TASK: In full and without alteration, write out the records.

AVAILABLE DATA:

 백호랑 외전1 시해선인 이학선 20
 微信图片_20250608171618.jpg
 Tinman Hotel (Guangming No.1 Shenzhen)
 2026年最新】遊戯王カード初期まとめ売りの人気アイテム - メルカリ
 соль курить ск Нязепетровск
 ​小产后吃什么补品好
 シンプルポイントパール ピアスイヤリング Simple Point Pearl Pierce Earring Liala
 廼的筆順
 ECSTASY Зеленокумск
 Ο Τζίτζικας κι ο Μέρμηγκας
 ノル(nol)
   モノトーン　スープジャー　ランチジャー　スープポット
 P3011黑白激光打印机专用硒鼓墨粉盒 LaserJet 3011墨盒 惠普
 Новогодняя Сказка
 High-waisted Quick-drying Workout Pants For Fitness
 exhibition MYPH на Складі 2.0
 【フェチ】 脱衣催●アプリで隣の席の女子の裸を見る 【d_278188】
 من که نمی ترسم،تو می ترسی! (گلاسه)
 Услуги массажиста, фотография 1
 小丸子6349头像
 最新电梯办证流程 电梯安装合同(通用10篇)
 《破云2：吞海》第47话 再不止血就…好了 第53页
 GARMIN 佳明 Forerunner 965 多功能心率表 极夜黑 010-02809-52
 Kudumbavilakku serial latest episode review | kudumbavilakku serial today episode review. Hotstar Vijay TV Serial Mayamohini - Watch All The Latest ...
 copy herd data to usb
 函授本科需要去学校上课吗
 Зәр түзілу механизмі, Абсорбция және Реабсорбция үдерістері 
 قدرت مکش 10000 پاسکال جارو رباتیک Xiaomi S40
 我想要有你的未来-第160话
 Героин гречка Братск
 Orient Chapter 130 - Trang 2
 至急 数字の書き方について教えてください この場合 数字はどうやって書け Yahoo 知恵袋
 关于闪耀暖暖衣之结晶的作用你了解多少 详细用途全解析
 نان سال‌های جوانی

YOUR RESPONSE:
 백호랑 외전1 시해선인 이학선 20
 微信图片_20250608171618.jpg
 Tinman Hotel (Guangming No.1 Shenzhen)
 2026年最新】遊戯王カード初期まとめ売りの人気アイテム - メルカリ
 соль курить ск Нязепетровск
 ​小产后吃什么补品好
 シンプルポイントパール ピアスイヤリング Simple Point Pearl Pierce Earring Liala
 廼的筆順
 ECSTASY Зеленокумск
 Ο Τζίτζικας κι ο Μέρμηγκας
 ノル(nol)
   モノトーン　スープジャー　ランチジャー　スープポット
 P3011黑白激光打印机专用硒鼓墨粉盒 LaserJet 3011墨盒 惠普
 Новогодняя Сказка
 High-waisted Quick-drying Workout Pants For Fitness
 exhibition MYPH на Складі 2.0
 【フェチ】 脱衣催●アプリで隣の席の女子の裸を見る 【d_278188】
 من که نمی ترسم،تو می ترسی! (گلاسه)
 Услуги массажиста, фотография 1
 小丸子6349头像
 最新电梯办证流程 电梯安装合同(通用10篇)
 《破云2：吞海》第47话 再不止血就…好了 第53页
 GARMIN 佳明 Forerunner 965 多功能心率表 极夜黑 010-02809-52
 Kudumbavilakku serial latest episode review | kudumbavilakku serial today episode review. Hotstar Vijay TV Serial Mayamohini - Watch All The Latest ...
 copy herd data to usb
 函授本科需要去学校上课吗
 Зәр түзілу механизмі, Абсорбция және Реабсорбция үдерістері 
 قدرت مکش 10000 پاسکال جارو رباتیک Xiaomi S40
 我想要有你的未来-第160话
 Героин гречка Братск
 Orient Chapter 130 - Trang 2
 至急 数字の書き方について教えてください この場合 数字はどうやって書け Yahoo 知恵袋
 关于闪耀暖暖衣之结晶的作用你了解多少 详细用途全解析
 نان سال‌های جوانی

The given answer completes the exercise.